Development of a multi-parent population for genetic mapping and allele discovery in six-row barley

Authors: OFFHOFF, ALEX - University Of Minnesota; POETS, ANA - University Of Minnesota; TYAGI, PRIYANKA - North Carolina State University; LEI, LI - University Of Minnesota; CARTER, COREY - University Of Minnesota; HIRSCH, CANDICE - University Of Minnesota; LI, LIN - University Of Minnesota; Brown-Guedira, Gina; MORRELL, PETER - University Of Minnesota; MUEHLBAUER, GARY - University Of Minnesota; SMITH, KEVIN - University Of Minnesota

Submitted to: Genetics
Publication Type: Peer Reviewed Journal
Publication Acceptance Date: 7/16/2019
Publication Date: 10/8/2019
Citation: Offhoff, A., Poets, A.M., Tyagi, P., Lei, L., Carter, C.K., Hirsch, C.N., Li, L., Brown Guedira, G.L., Morrell, P.L., Muehlbauer, G.J., Smith, K.P. 2019. Development of a multi-parent population for genetic mapping and allele discovery in six-row barley. Genetics. 213:595–613.

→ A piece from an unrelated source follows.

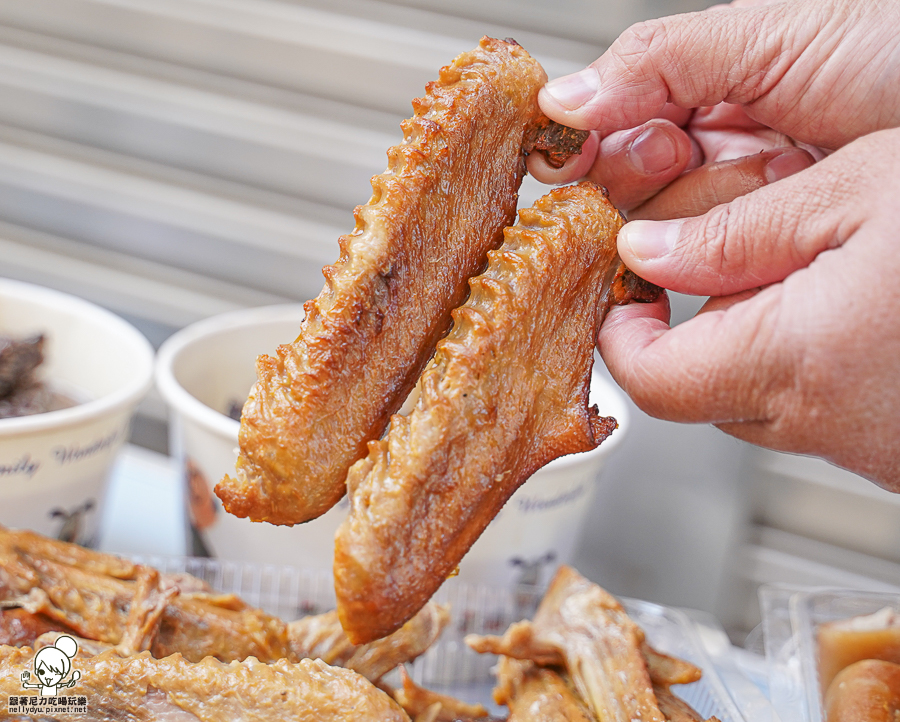 正忠市場 阿鴻煙燻滷味 老滷汁 滷味 市場美食 老字號 傳承 三代 必吃 過年過節 拜拜 傳統美食 宅配 配送 好吃 團購 公家機關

Interpretive Summary: Collections of plant germplasm hold valuable allelic diversity for crop improvement and genetic mapping of complex traits. To gain access to the genetic diversity within the USDA National Small Grain Collection (NSGC), we developed the Barley Recombinant Inbred Diverse Germplasm Population (BRIDG6), a six-row spring barley multi-parent population (MPP) by crossing 88 cultivated accessions to the common parent variety Rasmusson. The parents were randomly selected from a core subset of the NSGC that represents the genetic diversity of landrace and breeding accessions. In total, we generated 6,160 F5 recombinant inbred lines (RILs) with an average of 69 and a range of 37-168 RILs per family. DNA of these lines were analyzed to identified 7,773 SNPs with an average of 3,889 SNPs segregating per family. We detected 23 chromosome regions associated with flowering time with five regions found coincident with previously described flowering time genes. A major locus was detected near the flowering time gene, HvPpd-H1, which affects photoperiod. Haplotype-based analysis of HvPpd-H1 identified unique alleles to families of Asian origin conferring both positive and negative effects, providing the first observation of flowering time-related alleles private to Asian accessions. We evaluated several subsampling strategies to determine their effect on the power of QTL detection and found that for flowering time in barley, a sample size larger than 50 families or 3,000 individuals results in the highest power for QTL detection. This MPP will be useful for uncovering genes of large and small effect for traits of interest and identifying and utilizing valuable alleles from the NSGC for barley improvement.

Technical Abstract: Germplasm collections hold valuable allelic diversity for crop improvement and genetic mapping of complex traits. To gain access to the genetic diversity within the USDA National Small Grain Collection (NSGC), we developed the Barley Recombinant Inbred Diverse Germplasm Population (BRIDG6), a six-row spring barley multi-parent population (MPP) with 88 cultivated accessions crossed to a common parent (Rasmusson). The parents were randomly selected from a core subset of the NSGC that represents the genetic diversity of landrace and breeding accessions. In total, we generated 6,160 F5 recombinant inbred lines (RILs) with an average of 69 and a range of 37-168 RILs per family that were genotyped with 7,773 SNPs with an average of 3,889 SNPs segregating per family. We detected 23 QTL associated with flowering time with five QTL found coincident with previously described flowering time genes. A major QTL was detected near the flowering time gene, HvPpd-H1, which affects photoperiod. Haplotype-based analysis of HvPpd-H1 identified private alleles to families of Asian origin conferring both positive and negative effects, providing the first observation of flowering time-related alleles private to Asian accessions. We evaluated several subsampling strategies to determine their effect on the power of QTL detection and found that for flowering time in barley, a sample size larger than 50 families or 3,000 individuals results in the highest power for QTL detection. This MPP will be useful for uncovering large and small effect QTL for traits of interest and identifying and utilizing valuable alleles from the NSGC for barley improvement.